_EXTRACTED MATERIAL_.
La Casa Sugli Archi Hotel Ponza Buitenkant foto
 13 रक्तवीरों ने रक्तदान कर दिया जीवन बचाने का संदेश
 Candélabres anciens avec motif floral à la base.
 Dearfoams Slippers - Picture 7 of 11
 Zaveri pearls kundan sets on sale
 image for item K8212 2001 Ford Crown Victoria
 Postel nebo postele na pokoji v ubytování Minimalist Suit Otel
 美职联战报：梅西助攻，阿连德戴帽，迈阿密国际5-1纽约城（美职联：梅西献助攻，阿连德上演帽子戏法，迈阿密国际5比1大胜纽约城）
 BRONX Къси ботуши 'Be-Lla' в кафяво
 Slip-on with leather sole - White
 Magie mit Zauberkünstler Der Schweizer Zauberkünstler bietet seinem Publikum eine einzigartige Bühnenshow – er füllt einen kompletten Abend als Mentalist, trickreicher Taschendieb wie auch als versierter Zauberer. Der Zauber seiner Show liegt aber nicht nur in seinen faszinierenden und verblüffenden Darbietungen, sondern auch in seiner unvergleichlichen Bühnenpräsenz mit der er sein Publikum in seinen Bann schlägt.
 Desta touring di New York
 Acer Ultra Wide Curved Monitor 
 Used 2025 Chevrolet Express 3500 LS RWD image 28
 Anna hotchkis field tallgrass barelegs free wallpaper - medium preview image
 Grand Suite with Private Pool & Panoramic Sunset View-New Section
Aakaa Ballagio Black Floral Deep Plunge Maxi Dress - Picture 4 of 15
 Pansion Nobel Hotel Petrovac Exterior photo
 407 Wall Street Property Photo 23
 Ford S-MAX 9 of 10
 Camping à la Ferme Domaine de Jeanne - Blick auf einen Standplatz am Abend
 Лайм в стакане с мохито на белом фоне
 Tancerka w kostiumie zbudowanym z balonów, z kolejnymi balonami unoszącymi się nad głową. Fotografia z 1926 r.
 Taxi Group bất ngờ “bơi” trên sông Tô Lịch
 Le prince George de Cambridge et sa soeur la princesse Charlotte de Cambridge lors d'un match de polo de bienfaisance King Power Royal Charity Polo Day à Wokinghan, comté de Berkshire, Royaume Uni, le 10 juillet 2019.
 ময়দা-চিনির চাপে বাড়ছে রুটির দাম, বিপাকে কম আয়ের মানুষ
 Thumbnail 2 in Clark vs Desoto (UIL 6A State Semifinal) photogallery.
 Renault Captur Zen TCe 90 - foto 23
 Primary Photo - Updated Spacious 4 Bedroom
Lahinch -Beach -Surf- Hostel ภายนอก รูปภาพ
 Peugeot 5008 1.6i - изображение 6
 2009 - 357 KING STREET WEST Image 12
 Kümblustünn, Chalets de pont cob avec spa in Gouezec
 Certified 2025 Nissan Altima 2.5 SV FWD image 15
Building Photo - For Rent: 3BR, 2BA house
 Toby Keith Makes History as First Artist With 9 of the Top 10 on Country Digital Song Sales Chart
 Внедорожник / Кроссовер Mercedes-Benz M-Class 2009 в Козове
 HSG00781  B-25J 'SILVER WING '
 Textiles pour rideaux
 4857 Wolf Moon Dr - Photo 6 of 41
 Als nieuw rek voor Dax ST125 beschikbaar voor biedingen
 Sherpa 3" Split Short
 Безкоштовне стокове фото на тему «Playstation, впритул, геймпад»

_WORK REQUIRED_. Could you write out all the entries word for word?

_TASK ANSWER_.
La Casa Sugli Archi Hotel Ponza Buitenkant foto
 13 रक्तवीरों ने रक्तदान कर दिया जीवन बचाने का संदेश
 Candélabres anciens avec motif floral à la base.
 Dearfoams Slippers - Picture 7 of 11
 Zaveri pearls kundan sets on sale
 image for item K8212 2001 Ford Crown Victoria
 Postel nebo postele na pokoji v ubytování Minimalist Suit Otel
 美职联战报：梅西助攻，阿连德戴帽，迈阿密国际5-1纽约城（美职联：梅西献助攻，阿连德上演帽子戏法，迈阿密国际5比1大胜纽约城）
 BRONX Къси ботуши 'Be-Lla' в кафяво
 Slip-on with leather sole - White
 Magie mit Zauberkünstler Der Schweizer Zauberkünstler bietet seinem Publikum eine einzigartige Bühnenshow – er füllt einen kompletten Abend als Mentalist, trickreicher Taschendieb wie auch als versierter Zauberer. Der Zauber seiner Show liegt aber nicht nur in seinen faszinierenden und verblüffenden Darbietungen, sondern auch in seiner unvergleichlichen Bühnenpräsenz mit der er sein Publikum in seinen Bann schlägt.
 Desta touring di New York
 Acer Ultra Wide Curved Monitor 
 Used 2025 Chevrolet Express 3500 LS RWD image 28
 Anna hotchkis field tallgrass barelegs free wallpaper - medium preview image
 Grand Suite with Private Pool & Panoramic Sunset View-New Section
Aakaa Ballagio Black Floral Deep Plunge Maxi Dress - Picture 4 of 15
 Pansion Nobel Hotel Petrovac Exterior photo
 407 Wall Street Property Photo 23
 Ford S-MAX 9 of 10
 Camping à la Ferme Domaine de Jeanne - Blick auf einen Standplatz am Abend
 Лайм в стакане с мохито на белом фоне
 Tancerka w kostiumie zbudowanym z balonów, z kolejnymi balonami unoszącymi się nad głową. Fotografia z 1926 r.
 Taxi Group bất ngờ “bơi” trên sông Tô Lịch
 Le prince George de Cambridge et sa soeur la princesse Charlotte de Cambridge lors d'un match de polo de bienfaisance King Power Royal Charity Polo Day à Wokinghan, comté de Berkshire, Royaume Uni, le 10 juillet 2019.
 ময়দা-চিনির চাপে বাড়ছে রুটির দাম, বিপাকে কম আয়ের মানুষ
 Thumbnail 2 in Clark vs Desoto (UIL 6A State Semifinal) photogallery.
 Renault Captur Zen TCe 90 - foto 23
 Primary Photo - Updated Spacious 4 Bedroom
Lahinch -Beach -Surf- Hostel ภายนอก รูปภาพ
 Peugeot 5008 1.6i - изображение 6
 2009 - 357 KING STREET WEST Image 12
 Kümblustünn, Chalets de pont cob avec spa in Gouezec
 Certified 2025 Nissan Altima 2.5 SV FWD image 15
Building Photo - For Rent: 3BR, 2BA house
 Toby Keith Makes History as First Artist With 9 of the Top 10 on Country Digital Song Sales Chart
 Внедорожник / Кроссовер Mercedes-Benz M-Class 2009 в Козове
 HSG00781  B-25J 'SILVER WING '
 Textiles pour rideaux
 4857 Wolf Moon Dr - Photo 6 of 41
 Als nieuw rek voor Dax ST125 beschikbaar voor biedingen
 Sherpa 3" Split Short
 Безкоштовне стокове фото на тему «Playstation, впритул, геймпад»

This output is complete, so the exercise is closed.